= About this exercise =
For this exercise, please transcribe exactly and only the lines from the one containing "Appartement vente à" through the end of the material, both ends included, without pictures.

= Recorded data =
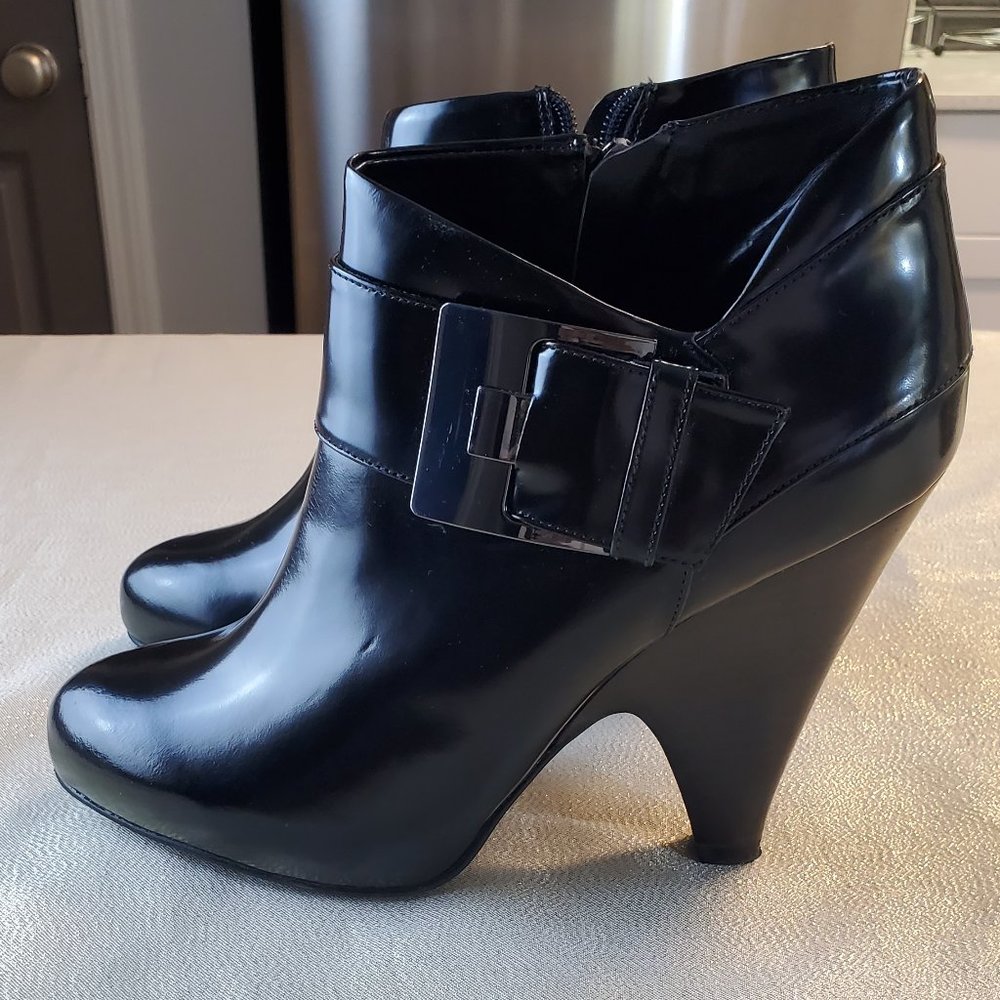 SOLD Black Vince Camuto Booties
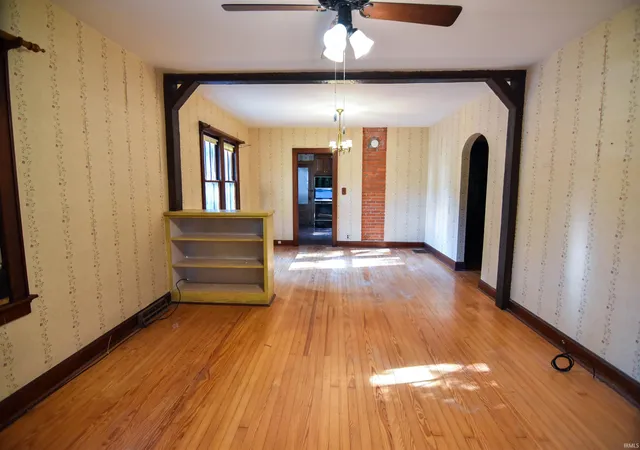 Photo 2 of Manufactured home for sale at 5900 Newburgh Rd, Evansville, IN 47715 | MLS# 202637613 | Listing updated on 2026-09-11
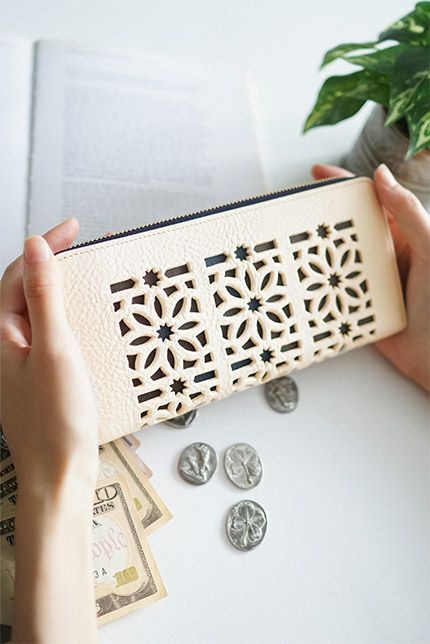 genten ゲンテン cut work カットワーク 小銭入れ付き長財布（ラウンドファスナー式 ） 49493(42191)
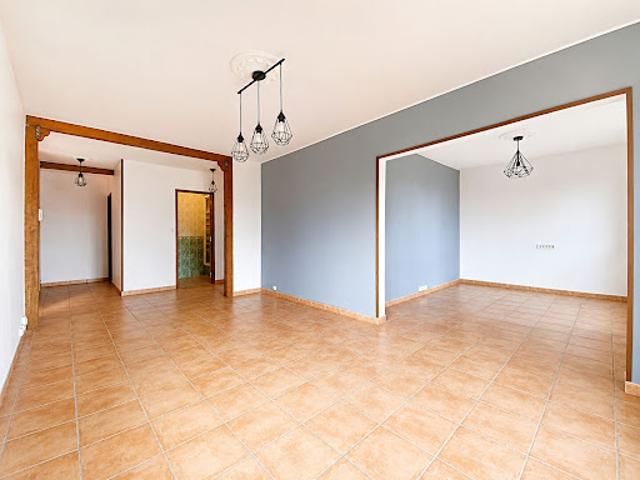 Appartement vente à Parking Place du Martroi, Orléans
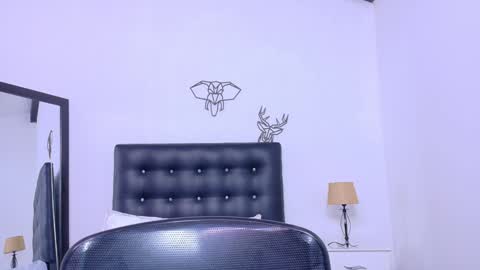 skinny_hottie18 online show from January 2025 04:33:02 PM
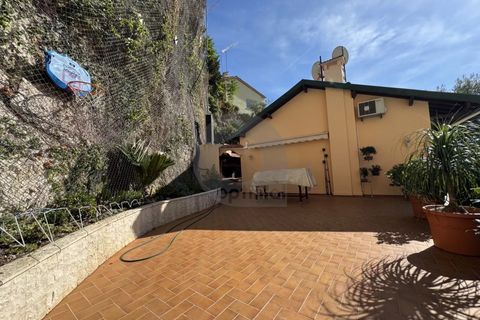 Villa i Roquebrune-Cap-Martin, Alpes-Maritimes, Roquebrune-Cap-Martin - € 1.007.000 | Ref: D15867 - foto 13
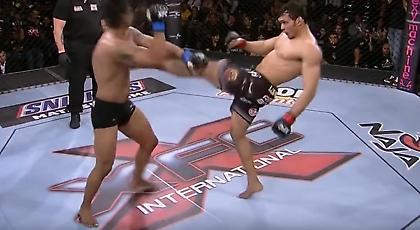 Τρομερό νοκ άουτ χτύπημα σε αγώνα ΜΜΑ (video)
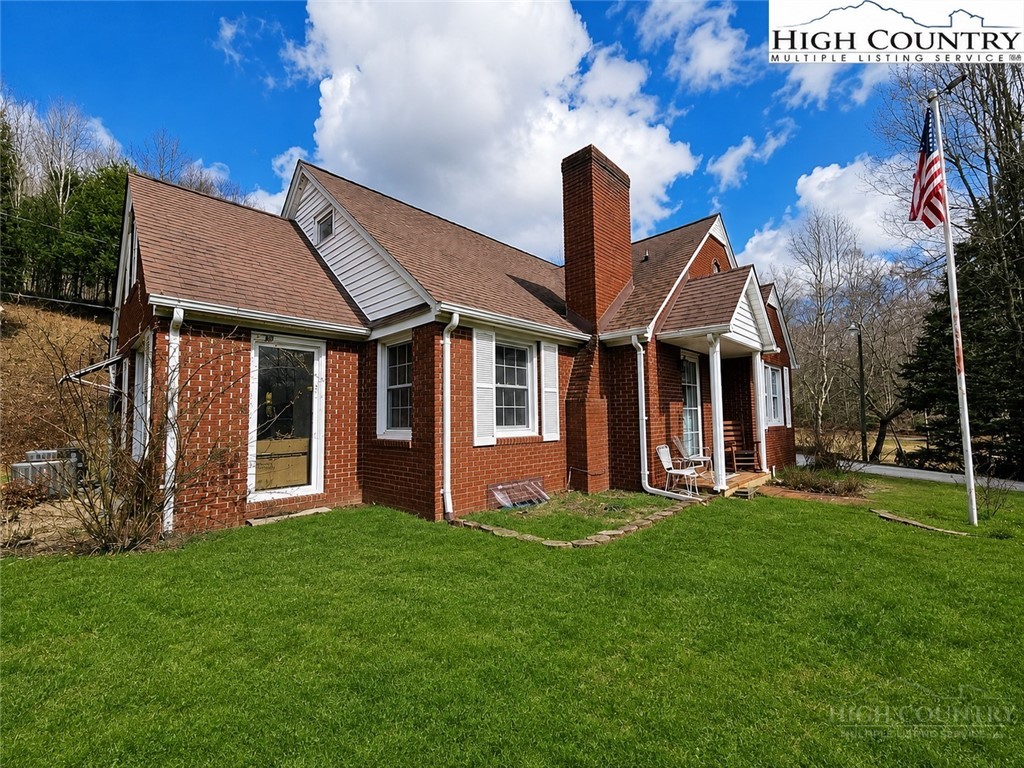 780 Wade Bare Rd — photo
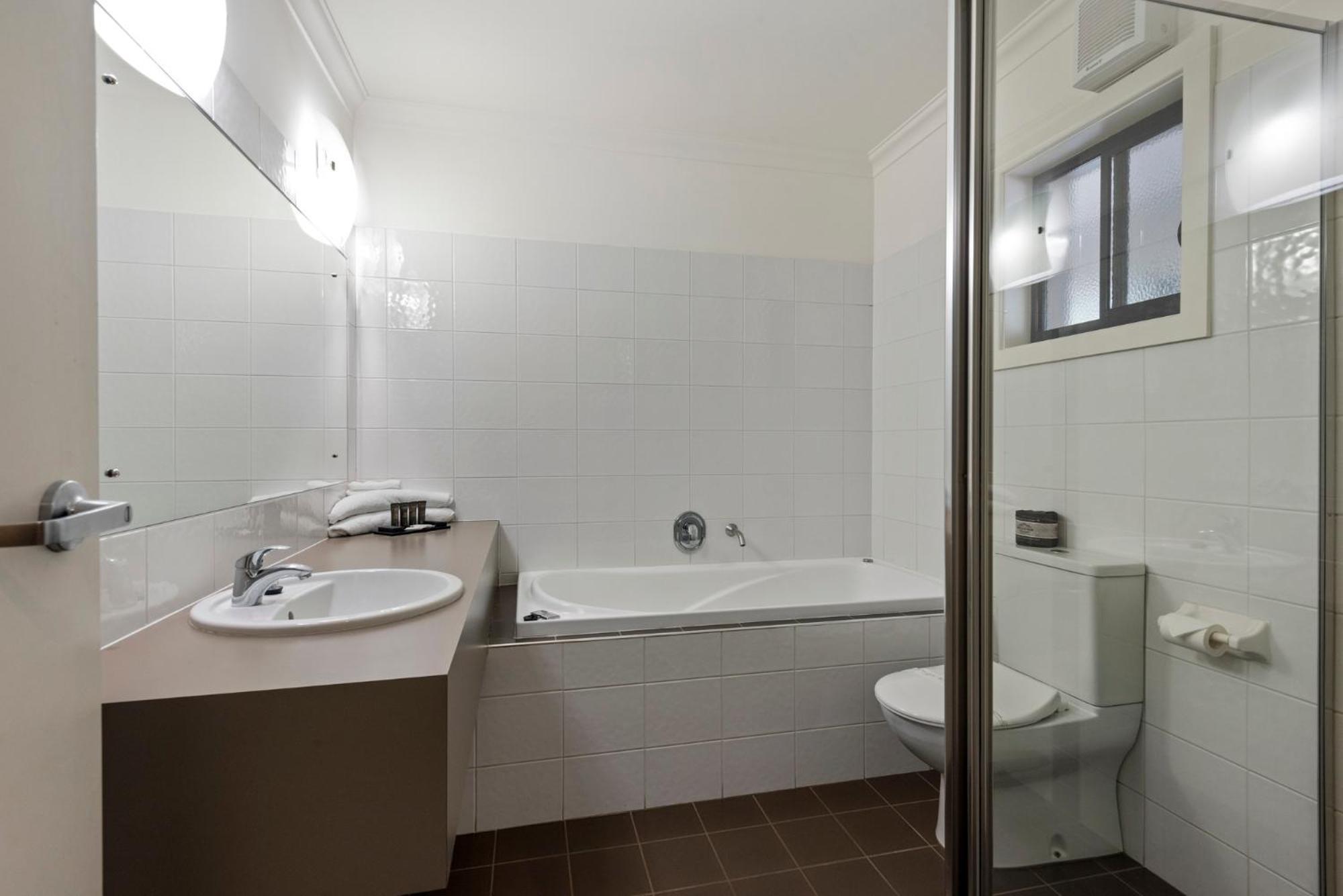 King Room with Spa Bath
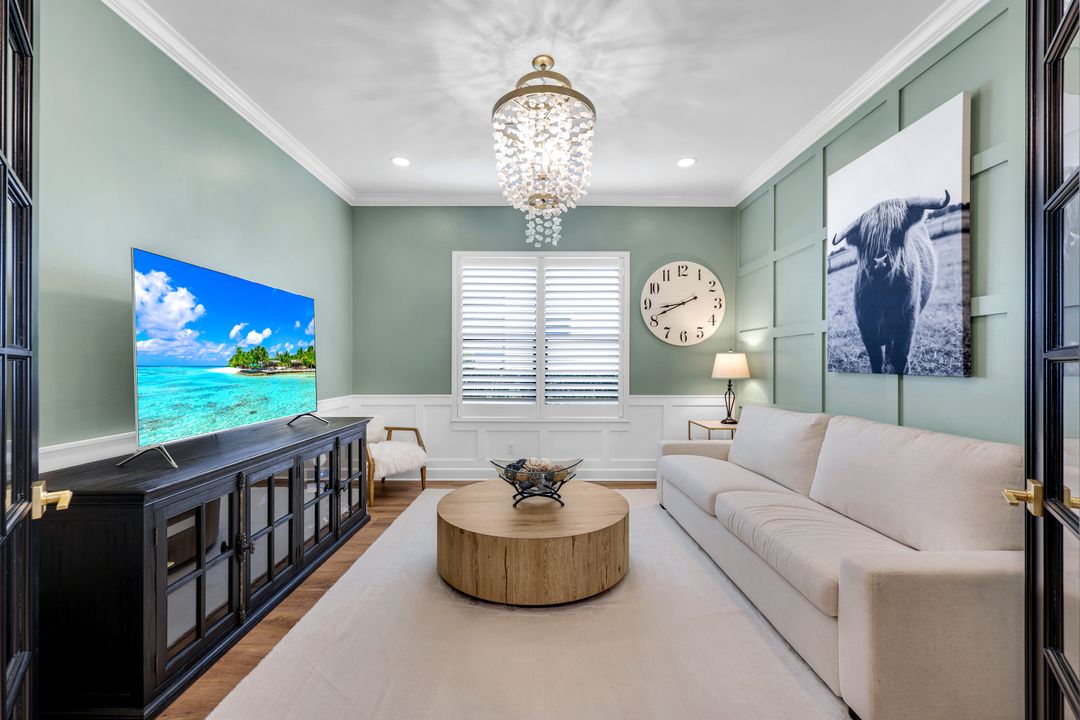 9223 Rialto Ln, Naples, FL 34119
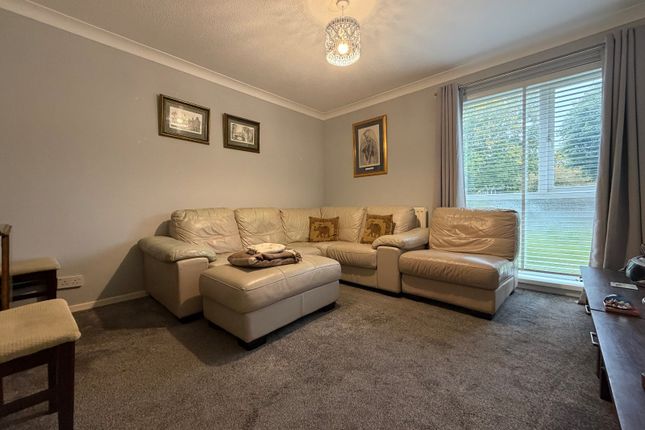 29, Ebchester Court, Tyne and Wear photo 2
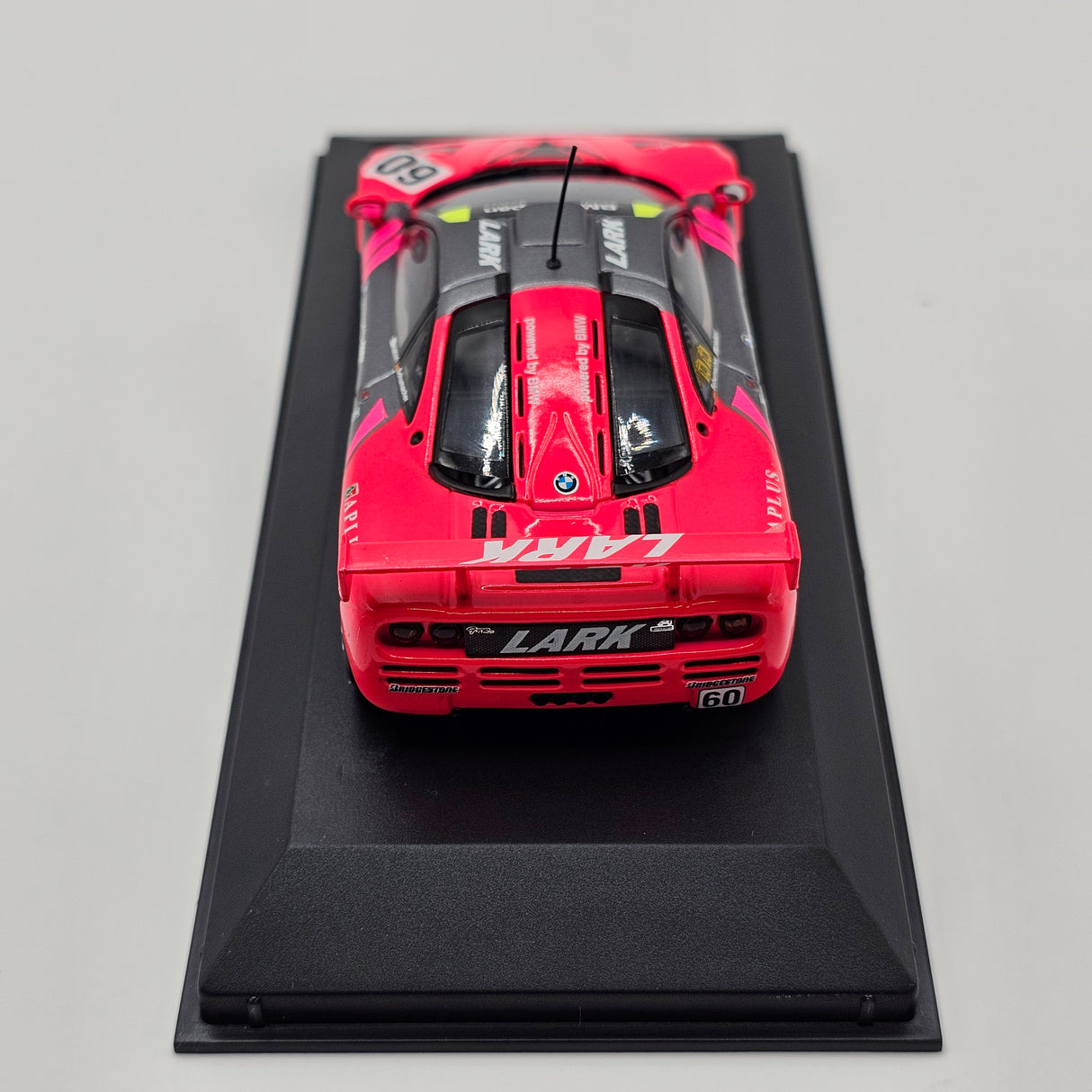 Minichamps McLaren F1 GTR #60 Team Lark McLaren JGTC GT500 1996 1/43 Scale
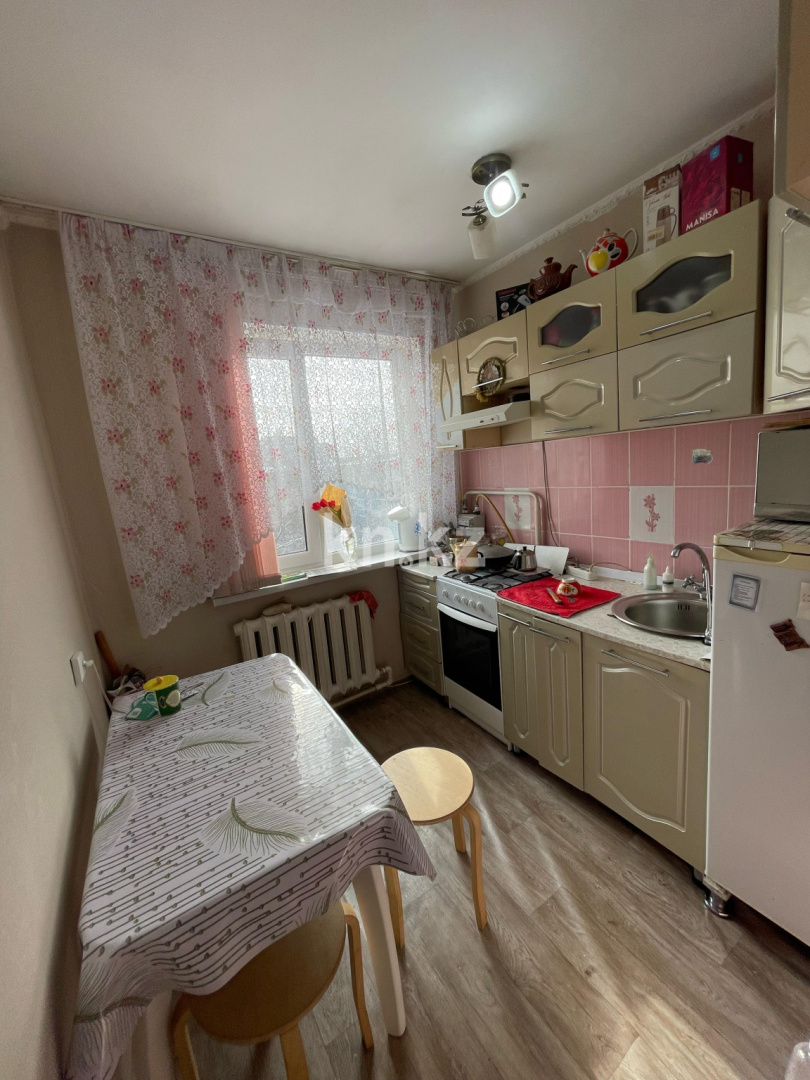 Продажа 2-комнатной квартиры, 48 м², ул. Муканова, дом  12/2 в Караганде - фото 3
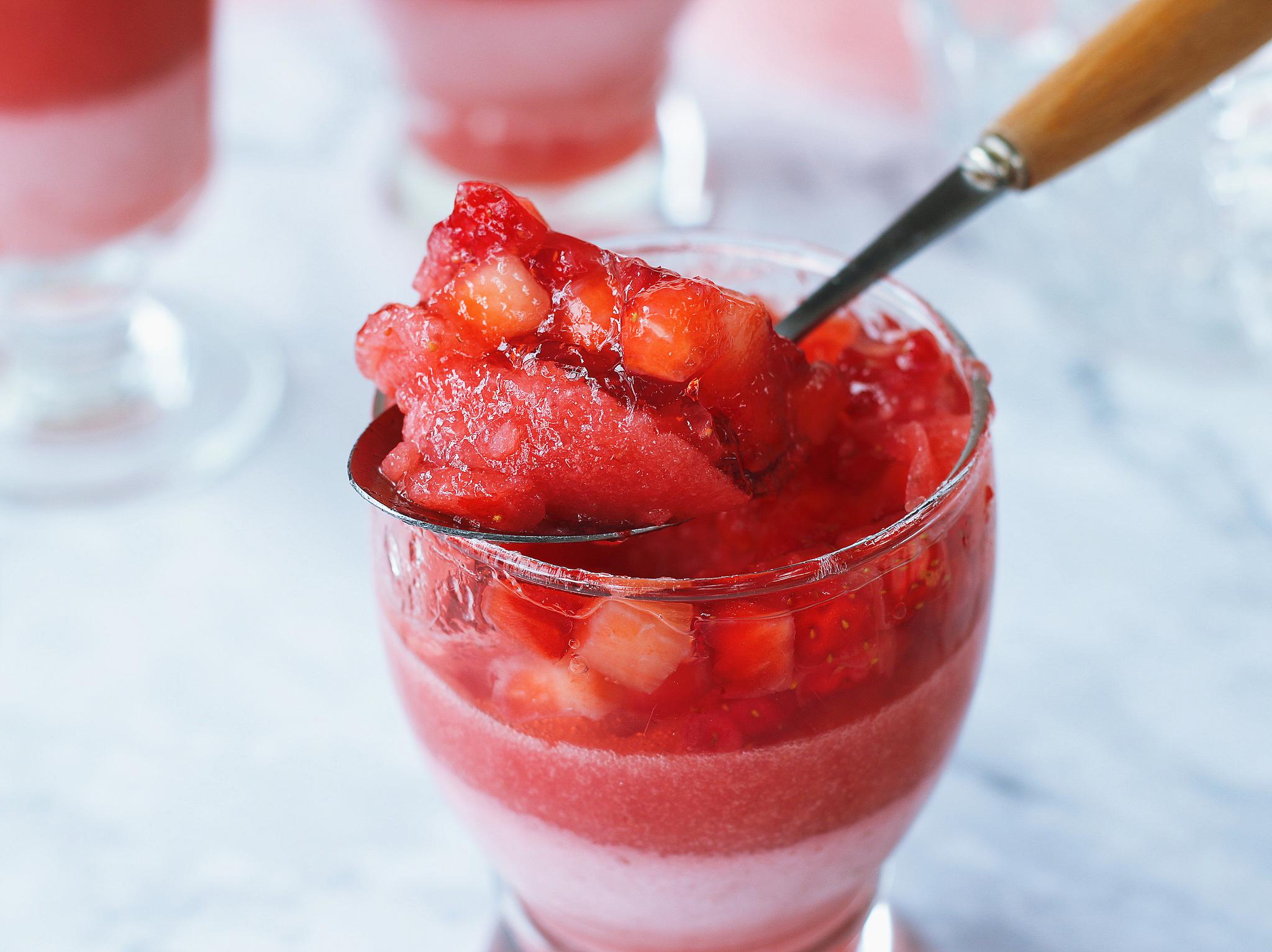 四种材料,十分钟,三种口味的草莓果冻做起来,清凉解暑又美味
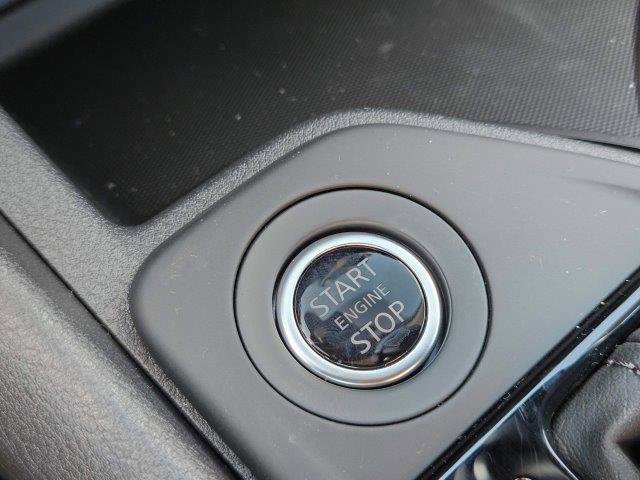 Used 2025 Nissan Sentra S image 22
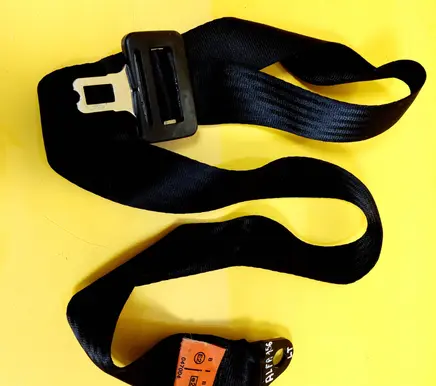 Alfa Romeo 156 Middle seatbelt (rear) 047004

= The answer =
 Appartement vente à Parking Place du Martroi, Orléans
 skinny_hottie18 online show from January 2025 04:33:02 PM
 Villa i Roquebrune-Cap-Martin, Alpes-Maritimes, Roquebrune-Cap-Martin - € 1.007.000 | Ref: D15867 - foto 13
 Τρομερό νοκ άουτ χτύπημα σε αγώνα ΜΜΑ (video)
 780 Wade Bare Rd — photo
 King Room with Spa Bath
 9223 Rialto Ln, Naples, FL 34119
 29, Ebchester Court, Tyne and Wear photo 2
 Minichamps McLaren F1 GTR #60 Team Lark McLaren JGTC GT500 1996 1/43 Scale
 Продажа 2-комнатной квартиры, 48 м², ул. Муканова, дом  12/2 в Караганде - фото 3
 四种材料,十分钟,三种口味的草莓果冻做起来,清凉解暑又美味
 Used 2025 Nissan Sentra S image 22
 Alfa Romeo 156 Middle seatbelt (rear) 047004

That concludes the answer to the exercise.